* Task description
Without including any pictures, retype exactly the lines from the top of the records through the line containing "2024 Hyundai Elantra Hybrid Blue", that final line included.

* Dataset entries
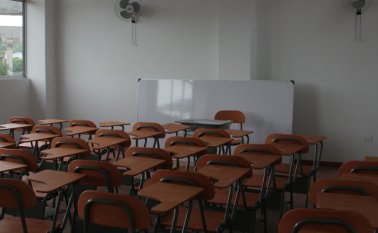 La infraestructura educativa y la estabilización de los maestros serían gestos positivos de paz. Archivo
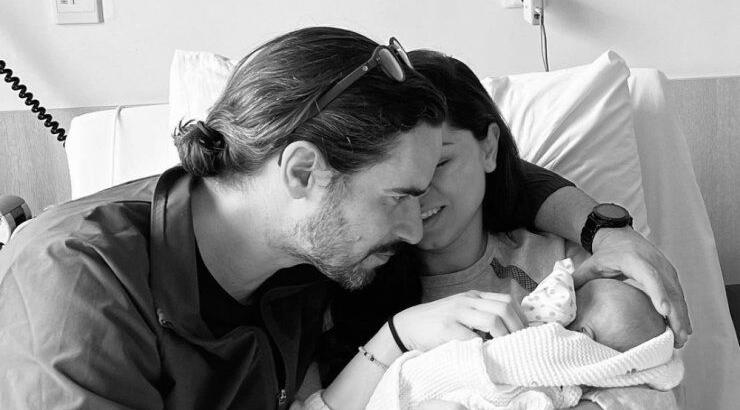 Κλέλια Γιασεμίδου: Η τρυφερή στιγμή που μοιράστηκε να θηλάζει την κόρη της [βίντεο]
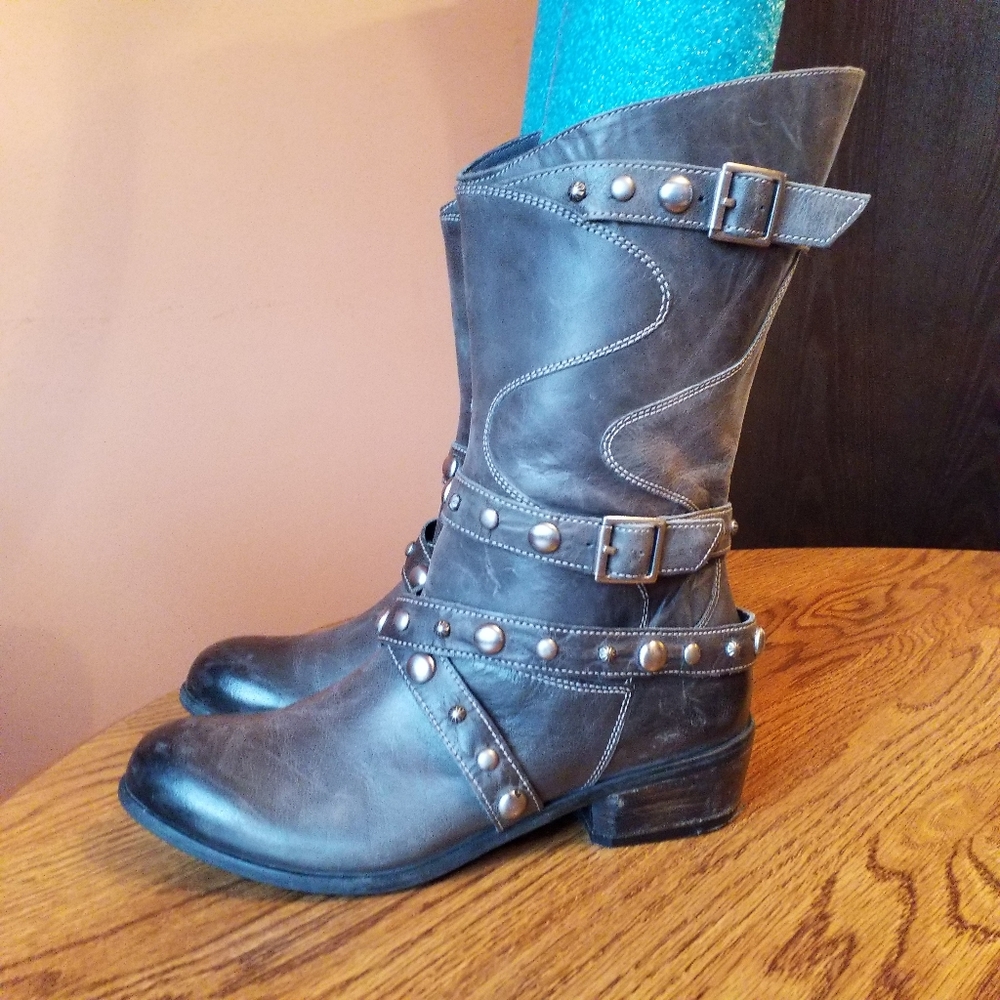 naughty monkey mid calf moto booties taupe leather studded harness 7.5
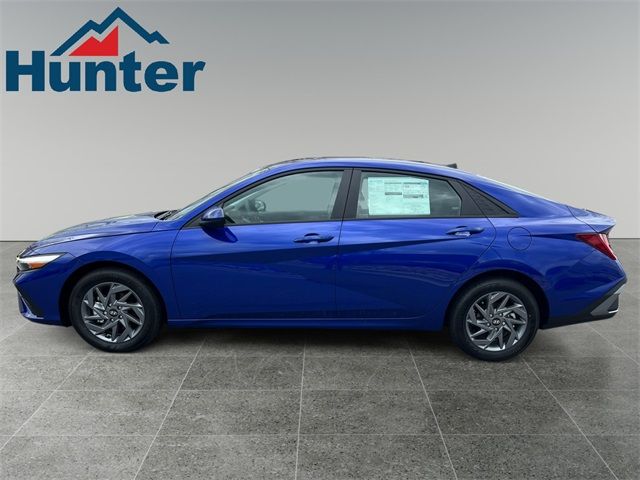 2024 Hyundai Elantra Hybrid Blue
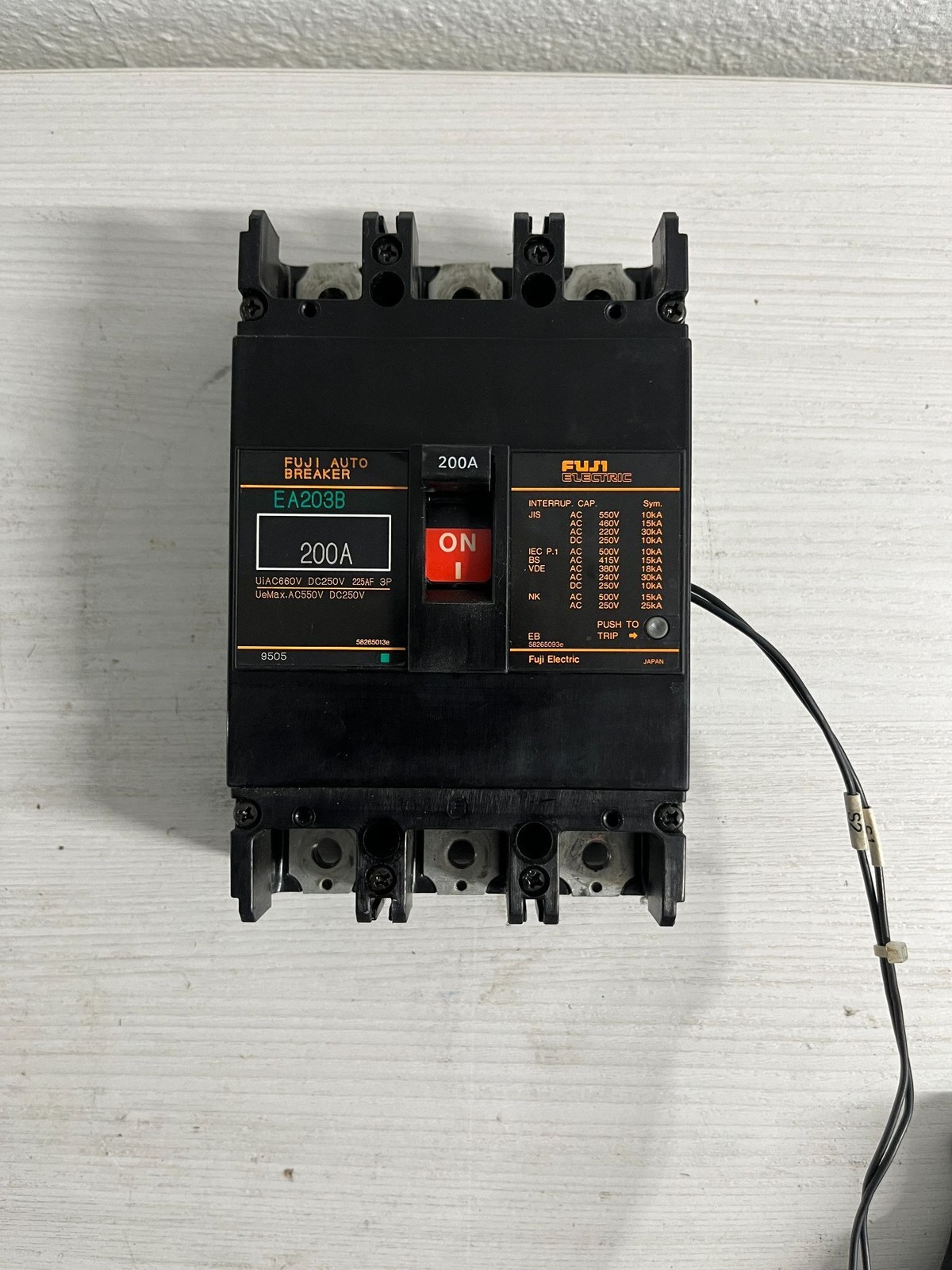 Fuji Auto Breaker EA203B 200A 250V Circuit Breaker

* Output of the exercise
 La infraestructura educativa y la estabilización de los maestros serían gestos positivos de paz. Archivo
 Κλέλια Γιασεμίδου: Η τρυφερή στιγμή που μοιράστηκε να θηλάζει την κόρη της [βίντεο]
 naughty monkey mid calf moto booties taupe leather studded harness 7.5
 2024 Hyundai Elantra Hybrid Blue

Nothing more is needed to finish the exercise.